Colorado Springs voters may be asked in April to make the city attorney an elected position and take away the mayor’s contract authority over Colorado Springs Utilities.
The proposed ballot questions are the idea of community activist Kanda Calef, who will ask the City Council on Monday to refer both measures to the April ballot.
“I’m looking for good government,” said Calef, who is associated with the local Tea Party movement and who identifies herself as a “liberty-loving patriot.”
The two ballot proposals are among four the council will consider at its informal meeting at 1 p.m. Monday.
The third proposal, brought forward by John Weiss, publisher of the Colorado Springs Independent newspaper, would ask voters to increase council’s salary from $6,250 a year to up to $48,000. The proposal calls for the increase to take effect in April 2015.

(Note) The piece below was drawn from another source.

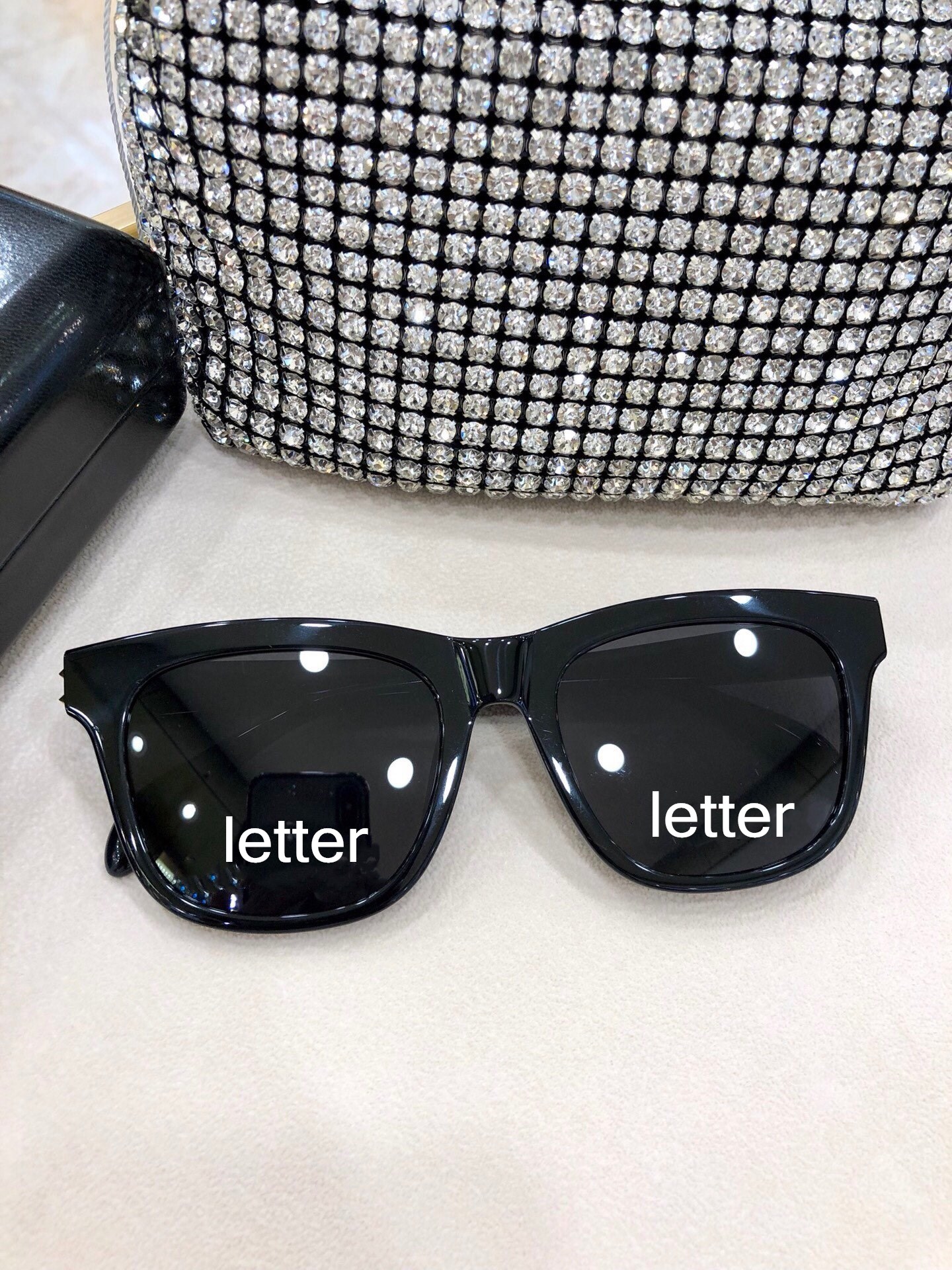 Hot sale Cool and versatile super design sunglasses Fashion best seller lettered sunglasses Fashion essential Sunglasses6169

The fourth would ask voters to allow the city to spend a higher percentage of the Trails, Open Space and Parks tax on maintenance of all city parks. The city’s Parks, Recreation and Cultural Services Department is sponsoring that proposal.
Council President Scott Hente said he’s been “approached by different groups” about the ballot questions Calef and Weiss are proposing.
“I am not going to tell you that they are a done deal because I don’t know that they are. I’m not going to tell you that they’re definitely going to be on the ballot because I don’t know. Obviously, my colleagues get a say in that. But I thought it was worthy of a discussion,” he said.
In an emailed statement, Mayor Steve Bach said he will “strongly oppose” the initiatives proposed by Calef and Weiss.
“The three initiatives — City Council Pay, elected City Attorney and approval of Utility contracts, are coming at the last minute at the City Council’s statutory deadline for putting any charter amendments on the ballot for voters to consider without public discussion and without open and transparent community debate,” he wrote. “It is troubling to see this rush to jam through a piecemeal approach to change the charter.”
Hente said he supports Calef’s proposal to remove the mayor’s contractual authority over Springs Utilities, a billion-dollar-plus enterprise of the city.
Under the switch to a council-mayor form of government, the mayor is the chief executive of the city government. While the mayor “shall execute all contracts,” the council oversees Utilities.
“Since almost the day the new form of a government passed by the voters, and this is before we even knew who the new mayor would be, I’ve argued that there’s a contradiction in the charter,” Hente said.
The charter says the mayor can’t veto a utility item but it gives him signing authority over all city contracts, essentially giving him veto power over Utilities, Hente said.
Calef said clear contract authority is vital to good government.
“The voters were quite clear, and they said that the council was to be in charge of Colorado Springs Utilities.Right now, I want to make that authority clear because good government includes accountability.”
Calef said she proposed an elected city attorney because the city attorney is an appointee of the mayor but also serves the council.
“Their fundamental responsibility is to represent their client. In this case, who is their client? It puts them in an awkward position if they’re serving under somebody but then they’re asked to serve someone else. It’s a very big conflict of interest,” she said.
City Attorney Chris Melcher said he preferred to provide a response on Friday.
Under Calef’s proposal, voters would be asked to establish an elected city attorney in April and then vote for a city attorney in a special election in June.
“The need for an independent city attorney who’ll be directly accountable to voters is pressing enough to warrant a special election,” she said. “This isn’t just about Utlities’ policy but also a wide range of important issues that require the scrutiny of objective counsel.”
Calef started Colorado Springs Citizens for Affordable Energy, which advocates keeping Springs Utilities under local control.